◆ RECORDS FOR THIS EXERCISE ◆
● ● ● ● ● ● ●
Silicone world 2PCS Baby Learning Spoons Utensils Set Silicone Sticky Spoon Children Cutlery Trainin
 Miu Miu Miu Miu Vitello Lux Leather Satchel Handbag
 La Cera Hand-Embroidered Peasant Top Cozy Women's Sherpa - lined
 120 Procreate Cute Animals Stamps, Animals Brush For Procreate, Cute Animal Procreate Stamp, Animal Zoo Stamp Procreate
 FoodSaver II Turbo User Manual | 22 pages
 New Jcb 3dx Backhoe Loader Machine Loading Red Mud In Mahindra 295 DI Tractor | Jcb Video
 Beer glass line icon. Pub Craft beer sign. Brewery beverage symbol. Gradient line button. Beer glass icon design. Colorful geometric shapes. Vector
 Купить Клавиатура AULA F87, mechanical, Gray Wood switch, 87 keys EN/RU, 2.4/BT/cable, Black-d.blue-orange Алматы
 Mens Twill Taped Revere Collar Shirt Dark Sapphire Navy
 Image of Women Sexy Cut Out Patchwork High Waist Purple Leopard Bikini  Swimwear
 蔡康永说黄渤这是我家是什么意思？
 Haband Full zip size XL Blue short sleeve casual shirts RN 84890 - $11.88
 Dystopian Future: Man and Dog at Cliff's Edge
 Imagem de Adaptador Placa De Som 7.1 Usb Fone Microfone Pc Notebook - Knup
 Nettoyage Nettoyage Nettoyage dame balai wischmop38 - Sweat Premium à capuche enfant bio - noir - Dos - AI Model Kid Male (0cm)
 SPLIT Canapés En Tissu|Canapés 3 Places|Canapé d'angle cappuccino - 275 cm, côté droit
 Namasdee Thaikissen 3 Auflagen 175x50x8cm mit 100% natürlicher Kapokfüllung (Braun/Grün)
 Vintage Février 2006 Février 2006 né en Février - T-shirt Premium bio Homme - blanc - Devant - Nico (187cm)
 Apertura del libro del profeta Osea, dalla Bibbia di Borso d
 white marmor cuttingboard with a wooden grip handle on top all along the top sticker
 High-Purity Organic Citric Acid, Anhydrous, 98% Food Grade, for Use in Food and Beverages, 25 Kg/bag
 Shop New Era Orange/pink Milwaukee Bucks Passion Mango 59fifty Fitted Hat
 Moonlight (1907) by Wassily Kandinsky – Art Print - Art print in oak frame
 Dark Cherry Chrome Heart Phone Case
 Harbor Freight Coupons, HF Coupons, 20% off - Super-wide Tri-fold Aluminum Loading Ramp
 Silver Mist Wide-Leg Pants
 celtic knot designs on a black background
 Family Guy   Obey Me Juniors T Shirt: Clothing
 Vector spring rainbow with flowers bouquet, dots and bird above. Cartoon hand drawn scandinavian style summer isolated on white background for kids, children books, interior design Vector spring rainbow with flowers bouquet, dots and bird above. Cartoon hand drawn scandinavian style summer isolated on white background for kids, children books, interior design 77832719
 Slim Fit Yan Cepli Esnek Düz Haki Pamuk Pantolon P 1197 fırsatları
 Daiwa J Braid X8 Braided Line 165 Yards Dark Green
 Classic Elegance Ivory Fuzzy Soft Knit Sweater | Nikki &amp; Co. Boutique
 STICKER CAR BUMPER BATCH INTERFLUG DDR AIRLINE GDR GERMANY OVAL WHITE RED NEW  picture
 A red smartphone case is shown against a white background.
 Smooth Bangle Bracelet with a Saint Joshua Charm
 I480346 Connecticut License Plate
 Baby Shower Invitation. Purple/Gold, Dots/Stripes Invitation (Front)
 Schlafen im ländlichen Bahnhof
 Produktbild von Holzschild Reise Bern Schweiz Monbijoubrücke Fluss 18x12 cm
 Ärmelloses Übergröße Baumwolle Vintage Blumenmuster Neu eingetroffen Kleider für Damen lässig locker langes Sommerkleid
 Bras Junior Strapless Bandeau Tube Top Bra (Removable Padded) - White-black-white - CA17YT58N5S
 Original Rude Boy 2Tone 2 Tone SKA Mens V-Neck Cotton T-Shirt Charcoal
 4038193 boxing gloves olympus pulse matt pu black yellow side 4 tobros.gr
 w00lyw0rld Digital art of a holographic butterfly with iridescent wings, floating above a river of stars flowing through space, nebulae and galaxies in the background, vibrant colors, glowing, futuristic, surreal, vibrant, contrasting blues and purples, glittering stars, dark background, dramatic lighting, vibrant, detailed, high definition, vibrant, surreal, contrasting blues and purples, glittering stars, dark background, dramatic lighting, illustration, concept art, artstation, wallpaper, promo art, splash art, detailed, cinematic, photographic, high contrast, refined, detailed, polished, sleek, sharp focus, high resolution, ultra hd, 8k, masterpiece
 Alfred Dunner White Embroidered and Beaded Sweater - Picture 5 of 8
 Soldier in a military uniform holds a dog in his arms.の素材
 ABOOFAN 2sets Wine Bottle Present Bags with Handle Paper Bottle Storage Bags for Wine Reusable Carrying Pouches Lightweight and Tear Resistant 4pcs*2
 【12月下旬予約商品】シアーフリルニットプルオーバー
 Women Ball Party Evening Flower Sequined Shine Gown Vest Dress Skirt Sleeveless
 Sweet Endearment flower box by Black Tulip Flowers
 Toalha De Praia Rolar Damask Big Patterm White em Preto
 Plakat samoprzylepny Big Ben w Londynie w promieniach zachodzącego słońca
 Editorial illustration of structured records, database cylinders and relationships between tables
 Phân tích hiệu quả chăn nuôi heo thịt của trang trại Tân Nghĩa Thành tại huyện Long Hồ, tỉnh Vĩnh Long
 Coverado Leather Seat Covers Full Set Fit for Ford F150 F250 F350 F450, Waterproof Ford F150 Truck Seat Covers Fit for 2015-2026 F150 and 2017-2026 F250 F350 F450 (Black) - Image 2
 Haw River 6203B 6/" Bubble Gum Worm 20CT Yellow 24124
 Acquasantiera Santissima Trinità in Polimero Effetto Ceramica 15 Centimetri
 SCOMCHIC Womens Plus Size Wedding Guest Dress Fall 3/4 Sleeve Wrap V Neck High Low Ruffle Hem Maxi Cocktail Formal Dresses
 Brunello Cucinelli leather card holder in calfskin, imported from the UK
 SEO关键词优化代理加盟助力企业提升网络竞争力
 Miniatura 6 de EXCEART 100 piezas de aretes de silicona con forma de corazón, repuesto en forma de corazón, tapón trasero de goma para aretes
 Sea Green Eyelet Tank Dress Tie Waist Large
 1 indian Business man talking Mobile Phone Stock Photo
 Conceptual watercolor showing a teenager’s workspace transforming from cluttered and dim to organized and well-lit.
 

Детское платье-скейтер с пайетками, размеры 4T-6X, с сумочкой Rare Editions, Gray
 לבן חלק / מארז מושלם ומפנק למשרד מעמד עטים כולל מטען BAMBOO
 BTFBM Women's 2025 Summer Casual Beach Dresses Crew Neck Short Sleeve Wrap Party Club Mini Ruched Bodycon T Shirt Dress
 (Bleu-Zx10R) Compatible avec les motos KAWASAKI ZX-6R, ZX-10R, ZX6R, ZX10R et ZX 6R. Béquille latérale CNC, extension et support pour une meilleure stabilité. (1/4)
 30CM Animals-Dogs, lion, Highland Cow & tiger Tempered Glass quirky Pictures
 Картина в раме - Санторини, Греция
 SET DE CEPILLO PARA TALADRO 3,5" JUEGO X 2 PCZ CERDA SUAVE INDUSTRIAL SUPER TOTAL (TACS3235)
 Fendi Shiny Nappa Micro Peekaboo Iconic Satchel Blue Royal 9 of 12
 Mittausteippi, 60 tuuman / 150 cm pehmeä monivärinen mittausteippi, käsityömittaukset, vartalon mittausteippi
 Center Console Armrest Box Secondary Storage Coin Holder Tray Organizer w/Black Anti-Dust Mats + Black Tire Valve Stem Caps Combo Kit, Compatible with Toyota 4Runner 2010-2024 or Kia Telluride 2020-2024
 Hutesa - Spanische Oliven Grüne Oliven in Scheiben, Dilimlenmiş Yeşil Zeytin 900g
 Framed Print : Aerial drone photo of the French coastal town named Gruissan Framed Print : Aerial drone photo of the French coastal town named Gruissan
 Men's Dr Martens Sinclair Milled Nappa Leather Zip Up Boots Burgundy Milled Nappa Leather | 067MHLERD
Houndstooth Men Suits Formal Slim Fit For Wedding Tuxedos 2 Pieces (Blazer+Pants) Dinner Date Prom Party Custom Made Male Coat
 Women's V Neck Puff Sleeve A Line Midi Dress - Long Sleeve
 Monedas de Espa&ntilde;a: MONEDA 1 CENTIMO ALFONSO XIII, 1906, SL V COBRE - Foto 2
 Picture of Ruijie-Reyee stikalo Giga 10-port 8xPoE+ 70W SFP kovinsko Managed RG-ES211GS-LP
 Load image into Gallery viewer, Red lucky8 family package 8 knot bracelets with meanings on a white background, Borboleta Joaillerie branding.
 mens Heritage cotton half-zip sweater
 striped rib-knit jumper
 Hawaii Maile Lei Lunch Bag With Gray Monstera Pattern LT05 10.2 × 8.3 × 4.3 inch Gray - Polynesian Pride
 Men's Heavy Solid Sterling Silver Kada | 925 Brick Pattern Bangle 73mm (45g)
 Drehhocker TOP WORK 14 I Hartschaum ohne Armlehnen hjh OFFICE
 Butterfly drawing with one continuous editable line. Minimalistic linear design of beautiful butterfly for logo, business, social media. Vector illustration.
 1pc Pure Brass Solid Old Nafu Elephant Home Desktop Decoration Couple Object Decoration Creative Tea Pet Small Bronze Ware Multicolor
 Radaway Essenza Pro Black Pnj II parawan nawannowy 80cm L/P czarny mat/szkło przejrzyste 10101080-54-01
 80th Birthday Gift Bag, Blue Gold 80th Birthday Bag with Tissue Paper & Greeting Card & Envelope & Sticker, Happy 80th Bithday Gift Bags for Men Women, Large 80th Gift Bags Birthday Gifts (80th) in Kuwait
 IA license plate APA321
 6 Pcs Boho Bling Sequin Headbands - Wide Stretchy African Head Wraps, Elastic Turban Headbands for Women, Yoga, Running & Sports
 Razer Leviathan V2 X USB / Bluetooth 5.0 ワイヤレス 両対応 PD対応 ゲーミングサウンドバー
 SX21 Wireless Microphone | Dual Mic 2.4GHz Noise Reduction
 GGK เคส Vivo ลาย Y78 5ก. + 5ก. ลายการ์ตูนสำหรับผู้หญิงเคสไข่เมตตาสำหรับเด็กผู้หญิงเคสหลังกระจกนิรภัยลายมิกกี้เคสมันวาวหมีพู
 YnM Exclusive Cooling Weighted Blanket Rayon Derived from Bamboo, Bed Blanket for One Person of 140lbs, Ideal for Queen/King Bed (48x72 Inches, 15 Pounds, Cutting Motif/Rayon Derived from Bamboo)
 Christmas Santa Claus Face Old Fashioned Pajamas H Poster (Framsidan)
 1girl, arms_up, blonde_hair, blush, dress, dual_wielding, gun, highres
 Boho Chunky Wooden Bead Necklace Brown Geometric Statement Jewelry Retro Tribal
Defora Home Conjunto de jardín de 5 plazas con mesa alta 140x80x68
● ● ● ● ● ● ●
Repeat exactly the lines above from the one with "white marmor cuttingboard" up to and including the one with "T Shirt: Clothing". No other line belongs in the reply.

◆ RESPONSE TO THE TASK ◆
 white marmor cuttingboard with a wooden grip handle on top all along the top sticker
 High-Purity Organic Citric Acid, Anhydrous, 98% Food Grade, for Use in Food and Beverages, 25 Kg/bag
 Shop New Era Orange/pink Milwaukee Bucks Passion Mango 59fifty Fitted Hat
 Moonlight (1907) by Wassily Kandinsky – Art Print - Art print in oak frame
 Dark Cherry Chrome Heart Phone Case
 Harbor Freight Coupons, HF Coupons, 20% off - Super-wide Tri-fold Aluminum Loading Ramp
 Silver Mist Wide-Leg Pants
 celtic knot designs on a black background
 Family Guy   Obey Me Juniors T Shirt: Clothing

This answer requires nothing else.